Physical attributes and location of the Ka'bah
The Ka'bah is a large masonry structure roughly the shape of a cube. The name Ka'bah comes from the Arabic word "muka'ab" meaning "cube." It is made of granite from the hills near Mecca, and stands upon a ten inch marble base, which projects outwards about a foot. The most current dimensions for the structure are: 15 m high (49') with sides measuring 10.5 m (34') by 12 m (39').
It is covered by a black silk curtain decorated with gold-embroidered calligraphy. This cloth is known as the kiswah; it is replaced yearly. The Shahada is outlined in the weave of the fabric. About two-thirds of the way up runs a gold embroidered band covered with Qur'anic text.

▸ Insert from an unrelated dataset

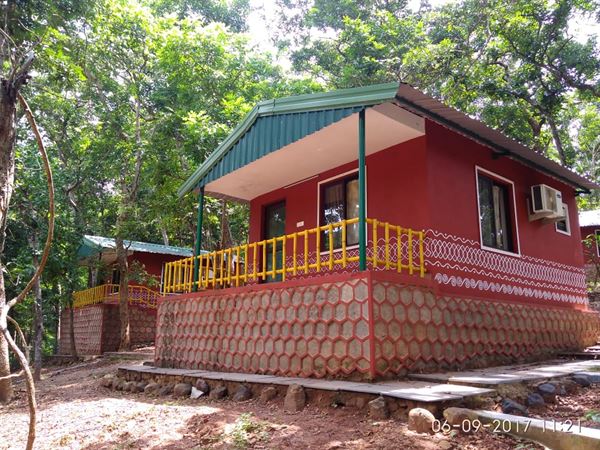 sai krishna godavari boat tours and travels kalyanamandapam road in bhadrachalam - Photo No.2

At the eastern corner of the Ka'bah is the Rukn-al-Aswad (the Black Stone or al-Ħajaru l-Aswad), which according to Islamic lore, was the spot where Abraham was going to sacrifice his son before being stopped by Allah (God). The stone is generally thought to be a meteorite; at the northern corner lies the Rukn-al-Iraqi ('The Iraqi corner'); at the west lies Rukn-al-Shami ('The Levantine corner') and at the south Rukn-al-Yamani ('The Yemeni corner').
Entrance to the inside of the Ka'bah is gained through a door set seven feet above the ground on the north-eastern wall of the Ka'bah, which acts as the façade. It is accessed by a wooden staircase on wheels, usually stored between the arch-shaped gate of Banu Shaybah and the Zamzam. Inside the Ka'bah, there is a marble floor. The interior walls are clad with marble half-way to the roof; tablets with Qur'anic inscriptions are inset in the marble. The top part of the walls is covered with a green cloth decorated with gold embroidered Qur'anic verses. The building is believed to be otherwise empty. Caretakers perfume the marble cladding with scented oil, the same oil used to anoint the Black Stone outside.
Although not directly connected to it, there is a semi-circular wall opposite the north-west wall of the Ka'bah, known as the hatīm. It is three feet in height and five in length, and is composed of white marble. It is thought by some that this space bears the graves of prophet Ishmael and his mother Hagar.
Muslims throughout the world face the Ka'bah during prayers. For most places around the world, coordinates for Mecca suffice. However, in the Sacred Mosque, worshippers pray in concentric circles radiating outwards around the Ka'bah. Therefore, the focus point is in the middle of the Ka'bah.
History of the Ka'bah
Apart from Islamic traditions, there is very little known about the history of the Ka'bah. It is presumed to have existed before the Islamic era due to the geographer Ptolemy's mention of Mecca (under the name of Macoraba) in the second century. According to German historian Eduard Glaser, the name "Ka'bah" may have been related to the southern Arabian or Ethiopian word "mikrab," signifying a temple. The accounts of the pre-Islamic campaign of Abraha, the Axumite king who had set out to destroy the Ka'bah, suggest the existence and worship of the Ka'bah, although this says little about its appearance or associated equipment at that time.
The Muslim view
According to Islamic tradition, God ordained a place of worship on Earth to reflect the house in heaven called al-Baytu l-Maˤmur (Arabic: البيت المعمور ). Muslims believe that Adam was the first to build such a place of worship. According to the Qur'an, the Kaaba was built by Ibrahim (Abraham) and his son Ismail (Ishmael).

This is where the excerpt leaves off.